Super H-Mart now smartly has a number system (one through seven) for how you want the fishmongers to deal with your pick. Point at a fish, say the number for say filet, and voila.
-ramon
Jay K wrote: Even better - see if they'll fillet some crucian for you
Ramon wrote:Jay K wrote: Even better - see if they'll fillet some crucian for you
I don't even know what a crucian is!
-ramon
Cathy2 wrote:Hi,
Amusing price anomalies: soup bones for 99 cents a pound and fatty cross rib sections for 79 cents a pound. I bought both for making stock. My all time H-Mart favorite: oxtails for $5.99 a pound and beef filet for $4.99 a pound.
Regards,
Jay K wrote:They also have veal tails; I'd never seen 'em elsewhere.
Cathy2 wrote:New ingredient to muse about: Beef Marrow Guts at $1.99 a pound. This is the marrow extracted from the bone.
Rene G wrote:Cathy2 wrote:New ingredient to muse about: Beef Marrow Guts at $1.99 a pound. This is the marrow extracted from the bone.
Are you sure? Marrow gut usually refers to a part of an unweaned calf's stomach. It's an essential ingredient of sonofabitch stew. See Frank X Tolbert's A Bowl of Red for plenty of background on this Texas delicacy.
This last item, the "marrow gut", was a key ingredient. Davidson quotes Ramon Adam's 1952 Come An' Get It: The Story of the Old Cowboy Cook, which reports that this is a tube, between two of the calf's stomachs, filled with a substance resembling marrow, deemed edible only while the calf is young and still feeding on milk.

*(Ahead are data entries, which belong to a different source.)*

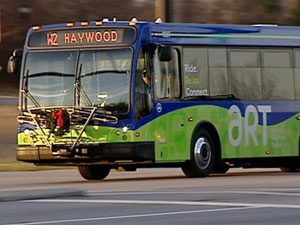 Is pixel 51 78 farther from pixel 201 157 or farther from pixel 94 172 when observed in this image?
pixel 201 157

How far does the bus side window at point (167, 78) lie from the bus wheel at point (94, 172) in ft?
7.46

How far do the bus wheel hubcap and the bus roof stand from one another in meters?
1.96

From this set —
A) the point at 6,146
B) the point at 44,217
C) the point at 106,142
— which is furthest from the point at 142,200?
the point at 6,146

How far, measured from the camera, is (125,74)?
2542 cm

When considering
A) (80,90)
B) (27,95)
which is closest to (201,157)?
(80,90)

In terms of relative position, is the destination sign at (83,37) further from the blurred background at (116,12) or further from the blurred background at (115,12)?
the blurred background at (115,12)

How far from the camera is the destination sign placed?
2573cm

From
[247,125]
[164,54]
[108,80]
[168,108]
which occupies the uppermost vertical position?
[164,54]

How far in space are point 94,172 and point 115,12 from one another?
171 ft

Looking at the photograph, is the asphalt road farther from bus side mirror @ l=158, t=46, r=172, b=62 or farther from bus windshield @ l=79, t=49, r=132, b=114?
bus side mirror @ l=158, t=46, r=172, b=62

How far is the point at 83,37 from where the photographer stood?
26141 millimetres

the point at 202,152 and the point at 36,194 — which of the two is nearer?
the point at 36,194

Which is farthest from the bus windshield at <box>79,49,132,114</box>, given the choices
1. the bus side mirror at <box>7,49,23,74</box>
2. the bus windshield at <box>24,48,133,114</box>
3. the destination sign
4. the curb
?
the curb

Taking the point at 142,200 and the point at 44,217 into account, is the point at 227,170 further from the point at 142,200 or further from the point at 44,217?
the point at 44,217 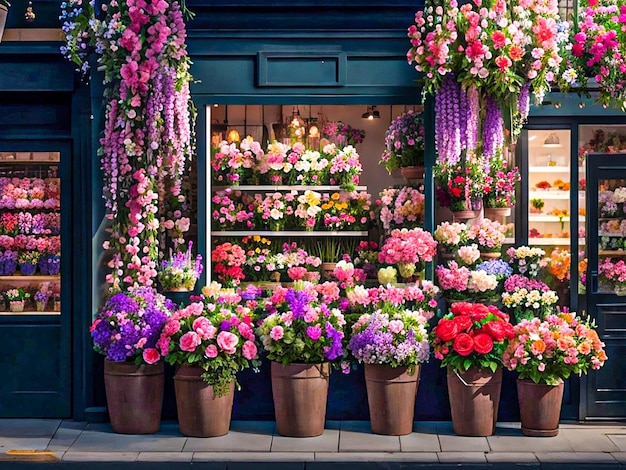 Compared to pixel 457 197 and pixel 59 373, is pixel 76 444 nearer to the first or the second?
pixel 59 373

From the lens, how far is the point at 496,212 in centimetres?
A: 966

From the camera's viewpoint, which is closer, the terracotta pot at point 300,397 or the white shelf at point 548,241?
the terracotta pot at point 300,397

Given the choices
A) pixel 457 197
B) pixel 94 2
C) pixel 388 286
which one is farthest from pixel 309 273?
pixel 94 2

This marrow-like substance was included in the stew and, according to Adams, was "what gave the stew such a delicious flavor." Davidson says this "marrow gut" probably was the passage leading to the abomasum as well as the abomasum itself (said to have a "distinctive flavour of rennin-curdled milk").
Mhays wrote:I had a similar issue with my monkfish the other day - the lady at the counter asked me if I wanted it cut up, and I said no; but could they skin it and bone it for me (fileted would have been fine had I read the signs in front of me.) It was returned sawed into chunks - bone, skin and all, making it less easy to remove the bone and skin at home.
FWIW, I was a bit tentative about the whole thing, so I'm not certain it wasn't somehow my error....
Gypsy Boy wrote:The monkfish was very disappointing--and very messy. Skin, bone, wings (or whatever those things are called)...yuck! I spent a long time at the cutting board and though the final product was worth it (made some bouillabaise), the effort was far more than I anticipated.
Of course, in skinning a big 'ol catfish, it helps to nail it's head down on an 'ol tree stump 'fore pulling off the skin.
Mhays wrote:I've seen the catfish-skinning; it seems like it would work for Monkfish if only they left the head...but then the thing would cost $50 because the head (which you discard) must weigh a ton.